Comparing the movement as it is today to the movement that was taking off when I was twelve, I can see the massive changes and impacts that it has had internationally. When I heard Greta’s speech five years ago on the kitchen radio, I was despairing yet transfixed. I spent that summer before starting secondary school trying to involve myself in the movement- putting up posters around my neighbourhood whilst urgently contacting politicians and encouraging them to act. I fell into a bout of hopelessness that summer as I could not for the life of me find a climate action youth group for people as young as me that cared for the climate crisis as I did. I realise now that it is incredibly easy to join a climate action youth group because of the sheer amount of groups created since the 2019 school strikes- then again I only know of these groups because I am in the movement already and stuck in an ‘echo chamber’ of climate activism on social media, which I also did not have at that young age. This raises a question about how we could recruit passionate people for our movement outside of finding and following the group’s social media account, which, in my experience, aren’t checked all that often due to lack of time. We are constantly crying out for people to help us within our climate action groups with different tasks, yet we limit ourselves when using only social media as a strategy to claim new members. This is especially obvious when outreach is done by groups of people who are already within the climate activism ‘echo chamber’ on social media, where the message will only get out to the people already involved in the movement instead of those outside of the activism side of social media. As a result of algorithms, we only recruit those probably already in other groups with a low capacity to help another group, burning out those who are already in the movement instead of the new members we really need; everyone and anyone.

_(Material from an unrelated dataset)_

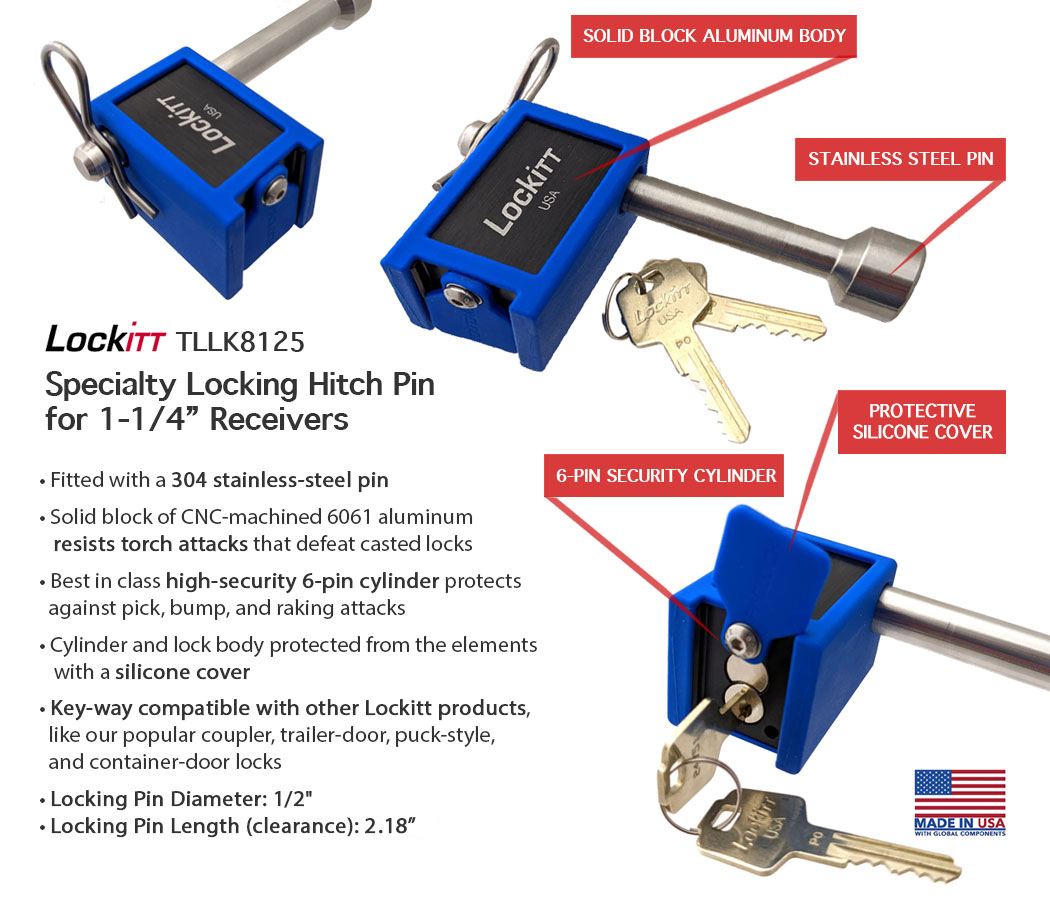 Lockitt Mobile Security & Accessories: TL80A-125 UCS High Security 1 1/4  Receiver Hitch Lock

I imagine the climate movement to be a tree. In order for it to blossom and grow, you need to have the vital foundations. The roots are passion, hope and our own strong roots in nature. The roots are why we fight for climate action. Passion and love for our earth and the environment. Hope for a fair and peaceful future. Our strong roots within nature that remind us of who we are and where we came from. Without the roots, there’s no point in fighting. The trunk of the tree is unity. Without multiple, if not thousands of people demanding change on the streets in unity and collectively choosing to live more sustainably, governments around the world would not feel pressured to act. It was the global climate strikes in 2019 that brought millions together and shook the system, enough to put climate action on the table. Enough to make politicians sit up and take notice. Change isn’t happening fast enough, but we can see that there has been a shift in how the climate crisis is viewed and being taken more seriously than it was in the past. It has become a topic of general conversation now, something our parents could have never dreamed of happening in the past. Finally, from the trunk of unity comes the branches and leaves of all the different actions, big and small, and the important stories that make up the movement. The branches and leaves are interconnected, and it is only when we come together and unite that the trunk of the movement grows out the branches and leaves of action.   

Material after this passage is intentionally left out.